Below is an example from a function found in src/backend/compile.c, showing a slice of the complete graph. The full output can be generated as a PostScript file by running the commands shown.

Each basic block in the graph has a list of statements, most commonly IR_ASSIGN, which assigns an expression (struct expression) to a variable (struct var). Expressions also contain variable operands, which can encode memory locations, addresses and dereferenced pointers at a high level.

• DIRECT operands refer to memory at *(&symbol + offset), where symbol is a variable or temporary at a specific location in memory (for example stack).
• ADDRESS operands represent exactly the address of a DIRECT operand, namely (&symbol + offset).
• DEREF operands refer to memory pointed to by a symbol (which must be of pointer type). The expression is *(symbol + offset), which requires two load operations to map to assembly. Only DEREF and DIRECT variables can be target for assignment, or l-value.
• IMMEDIATE operands hold a constant number, or string. Evaluation of immediate operands do constant folding automatically.

Parser

The parser is hand coded recursive descent, with main parts split into src/parser/declaration.c, src/parser/initializer.c, src/parser/expression.c, and src/parser/statement.c. The current function control flow graph, and the current active basic block in that graph, are passed as arguments to each production. The graph is gradually constructed as new three-address code instructions are added to the current block.

The following example shows the parsing rule for bitwise or expressions, which adds a new IR_OP_OR operation to the current block. Logic in eval_expr will ensure that the operands value and block->expr are valid, terminating in case of an error.

static struct block *inclusive_or_expression(
    struct definition *def,
    struct block *block)
{
    struct var value;

    block = exclusive_or_expression(def, block);
    while (peek().token == '|') {
        consume('|');
        value = eval(def, block, block->expr);
        block = exclusive_or_expression(def, block);
        block->expr = eval_expr(def, block, IR_OP_OR, value,
            eval(def, block, block->expr));
    }

    return block;
}

The latest evaluation result is always stored in block->expr. Branching is done by instantiating new basic blocks and maintaining pointers. Each basic block has a true and false branch pointer to other blocks, which is how branches and gotos are modeled. Note that at no point is there any syntax tree structure being built. It exists only implicitly in the recursion.

Optimizer

The main motivation for building a control flow graph is to be able to do dataflow analysis and optimization. The current capabilities here are still limited, but it can easily be extended with additional and more advanced analysis and optimization passes.

Liveness analysis is used to figure out, at every statement, which symbols may later be read. The dataflow algorithm is implemented using bit masks for representing symbols, numbering them 1-63. As a consequence, optimization only works on functions with less than 64 variables. The algorithm also has to be very conservative, as there is no pointer alias analysis (yet).

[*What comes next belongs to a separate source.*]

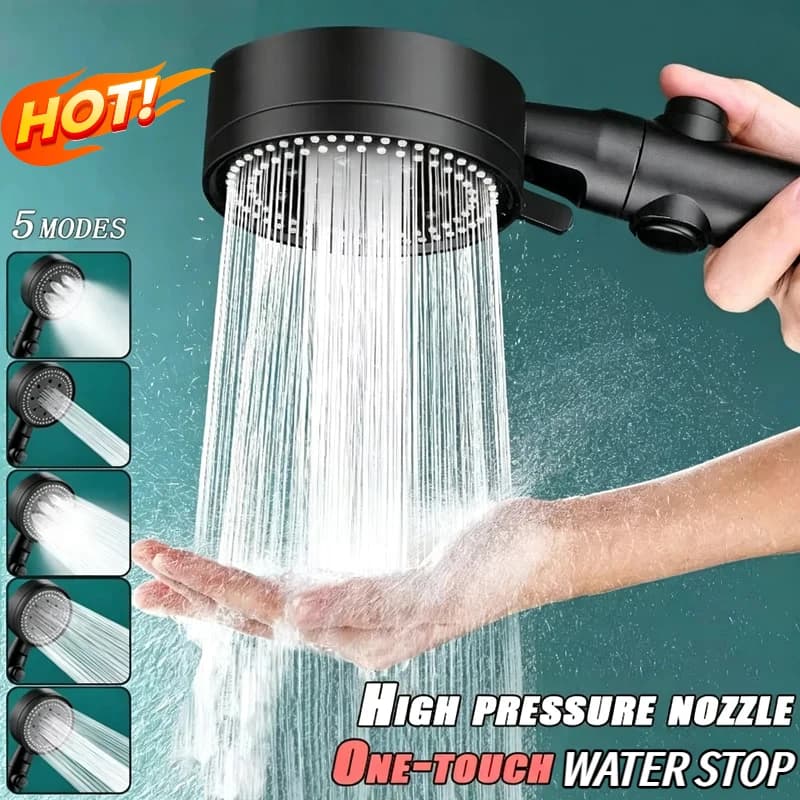 2026 Shower Head Adjustable High Pressure Showerhead Handheld Spray 5 Modes Water Saving Hangable Bathroom Accessories New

Using the liveness information, a transformation pass doing dead store elimination can remove IR_ASSIGN nodes which provably do nothing, reducing the size of the generated code.

Backend

There are three backend targets: textual assembly code, ELF object files, and dot for the intermediate representation. Each struct definition object yielded from the parser is passed to the src/backend/compile.c module. Here we do a mapping from intermediate control flow graph representation down to a lower level IR, reducing the code to something that directly represents x86_64 instructions. The definition for this can be found in src/backend/x86_64/instr.h.

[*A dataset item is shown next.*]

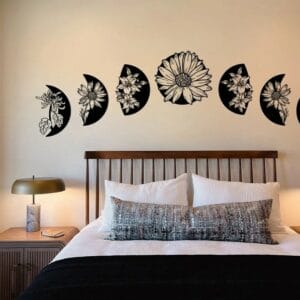Flower Moon Phase wood Wall D?cor - Set of 7 Each 30x30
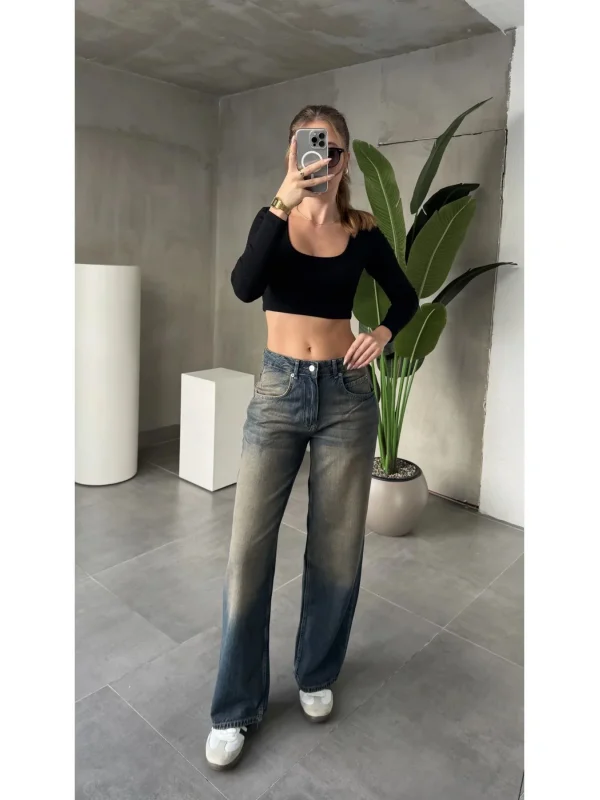 Yıkamalı Süper Baggy Ekstra Geniş Paça Jean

Depending on function pointers set up on program start, the instructions are sent to either the ELF backend, or text assembly. The code to output text assembly is therefore very simple, more or less just a mapping between the low level IR instructions and their GNU syntax assembly code. See src/backend/x86_64/assemble.c.

Dot output is a separate pipeline that does not need low level IR to be generated. The compile module will simply forward the CFG to src/backend/graphviz/dot.c.

Correctness

Testing is done by comparing the runtime output of programs compiled with lacc and the system compiler (cc). A collection of small standalone programs used for validation can be found under the test/ directory. Tests are executed using check.sh, which will validate preprocessing, assembly, and ELF outputs.

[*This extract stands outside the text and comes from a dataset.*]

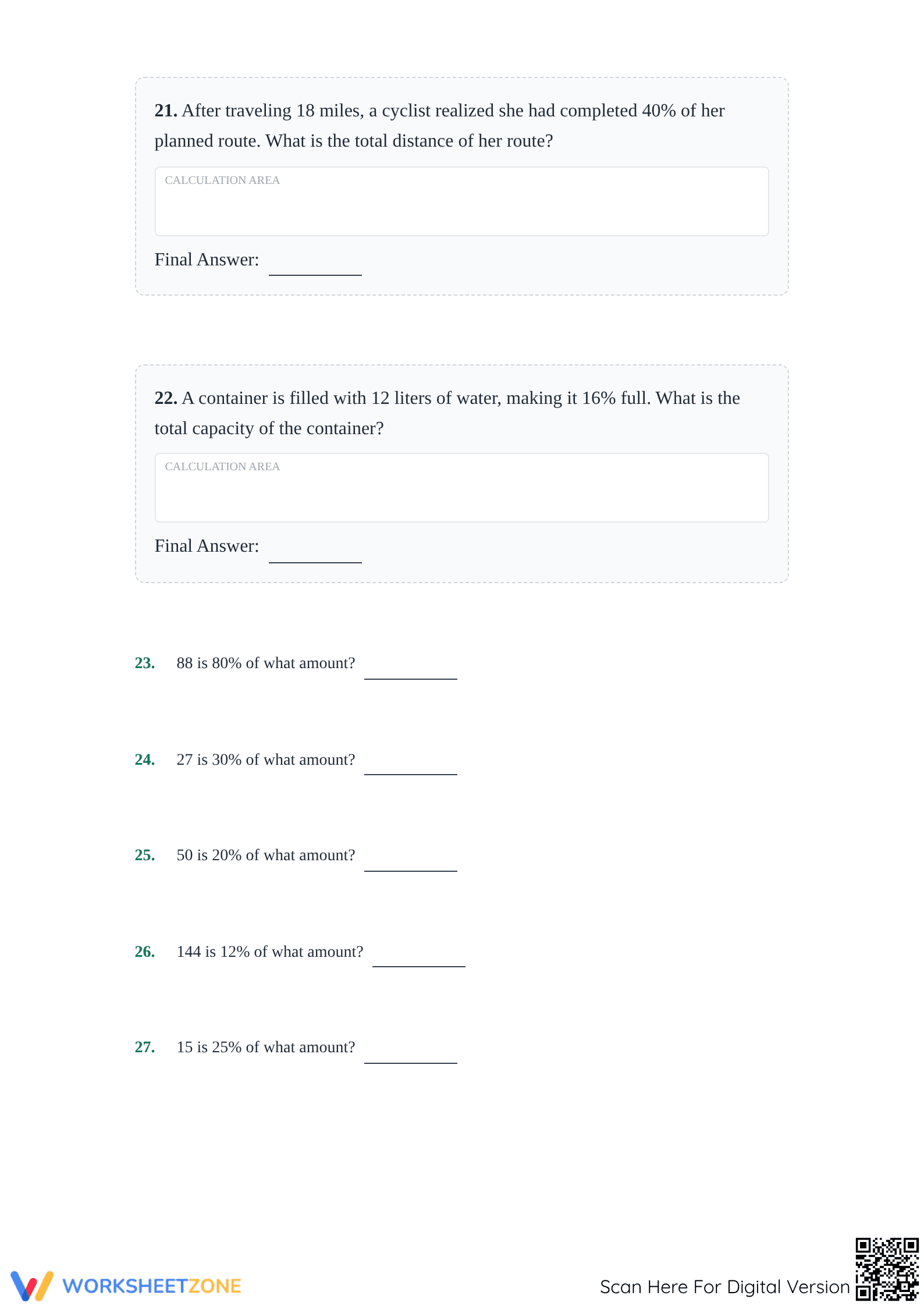 Printable Calculate Original Amount Worksheet | Grade 6 Math - Page 4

$ ./check.sh bin/lacc test/fact.c
[-E: Ok!] [-S: Ok!] [-c: Ok!] [-c -O1: Ok!] :: test/fact.c

A complete test of the compiler is done by going through all test cases on a self-hosted version of lacc.

make test

This will first create a binary produced by cc, giving bin/lacc. Then we use bin/lacc to build bin/bootstrap/lacc, which in turn is used to build bin/selfhost/lacc. Between the bootstrap and selfhost stages, the intermediate object files are compared for equality. If everything works correctly, these stages should produce identical binaries. The compiler is ''good'' when all tests pass on the selfhost binary. This should always be green, on every commit.

Csmith

It is hard to come up with a good test suite covering all possible cases. In order to weed out bugs, we can use csmith to generate random programs that are suitable for validation.

./csmith.sh

The csmith.sh script runs csmith to generate an infinite sequence of random programs until something fails the test harness. It will typically run thousands of tests without failure.

The programs generated by Csmith contain a set of global variables, and functions making mutations on these. At the end, a checksum of the complete state of all variables is output. This checksum can then be compared against different compilers to find discreptancies, or bugs. See doc/random.c for an example program generated by Csmith, which is also compiled correctly by lacc.

Creduce

When a bug is found, we can use creduce to make a minimal repro. This then will end up as a new test case in the normal test suite.

Performance

Some effort has been put into making the compiler itself fast (although the generated code is still very much unoptimized). Serving as both a performance benchmark and correctness test, we use the sqlite database engine. The source code is distributed as a single ~7 MB large C file spanning more than 200 K lines (including comments and whitespace), which is perfect for stress testing the compiler.

The following experiments were run on a laptop with an i5-7300U CPU, compiling version 3.20.1 of sqlite3. Measurements are made from compiling to object code (-c).

Compilation speed

It takes less than 200 ms to compile the file with lacc, but rather than time we look at a more accurate sampling of CPU cycles and instructions executed. Hardware performance counter data is collected with perf stat, and memory allocations with valgrind --trace-children=yes. In valgrind, we are only counting contributions from the compiler itself (cc1 executable) while running GCC. Results for clang is missing because it for some reason crashes under valgrind.

Numbers for lacc is from an optimized build produced by clang (-O3).

There is yet work to be done to get closer to TCC, which is probably one of the fastest C compilers available. Still, we are within reasonable distance from TCC performance, and an order of magnitude better than GCC.

Codegen quality

We can compare the relative quality of code generated from lacc and GCC by looking at the number of dynamic instructions executed by the selfhost binary versus a binary built by GCC. In both cases we do not enable any optimizations, so this is a measure of code generated with -O0.

Around 50 % more instructions executed by the selfhost binary, showing that lacc generates more naive code than GCC. Improving the backend with more efficient instruction selection is a priority, so these numbers should get closer in the future.

References

These are some useful resources for building a C compiler targeting x86_64.

• The C Programming Language, Second Edition. Brian W. Kernighan, Dennis M. Ritchie.
• System V Application Binary Interface.
• Intel® 64 and IA-32 Architectures Software Developer’s Manuals, specifically the instruction set reference.